Des hommes armés, que l’armée nigériane a accusés d’être des jihadistes de Boko Haram, avaient enlevé 46 élèves et membres du personnel de trois écoles dans l’Etat d’Oyo, dans le sud-ouest du pays, le 15 mai.
« Enfin, tous les élèves et enseignants enlevés à Orire, dans l’Etat d’Oyo, ont été secourus par nos services de sécurité », a déclaré Bayo Onanuga, porte-parole de la présidence nigériane, dans une publication sur X accompagnée de photos de certains des enfants.

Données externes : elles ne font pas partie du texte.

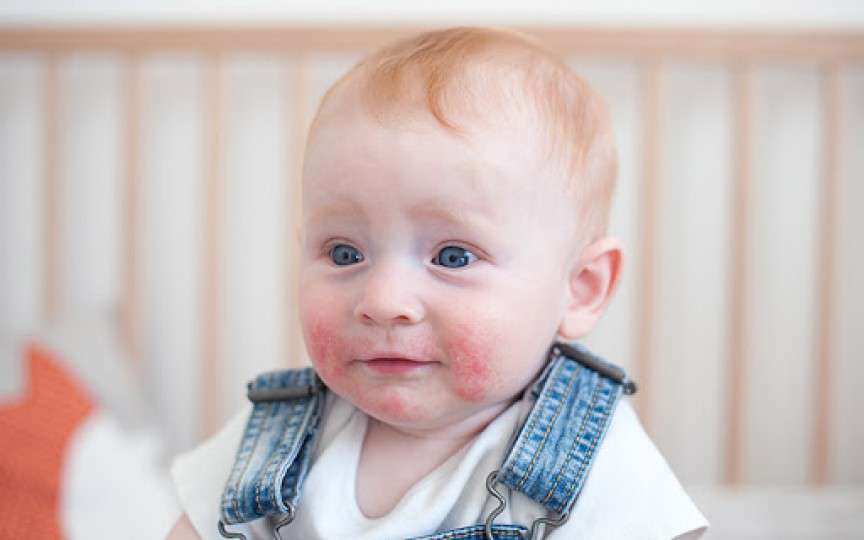 Cum să faci baie copilului dacă are dermatită atopică – sfaturi de la medic dermatolog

Le sud-ouest du Nigeria a longtemps été considéré comme l’une des régions les plus sûres d’un pays en proie à de multiples crises sécuritaires.
Les enlèvements contre rançon constituent un défi permanent pour les autorités dans les régions instables du nord du Nigeria. Mais les enlèvements de masse ont été rares dans le sud du pays.
L’Etat d’Oyo est l’un des plus peuplés du Nigeria et a pour capitale Ibadan, un pôle majeur pour l’éducation dans le pays. Bayo Onanuga a indiqué que certains des ravisseurs avaient été tués lors de l’opération de sauvetage et qui huit autres avaient été arrêtés.
Il a précisé que les « terroristes » avaient exigé la libération de l’un de leurs membres, actuellement poursuivi par les autorités.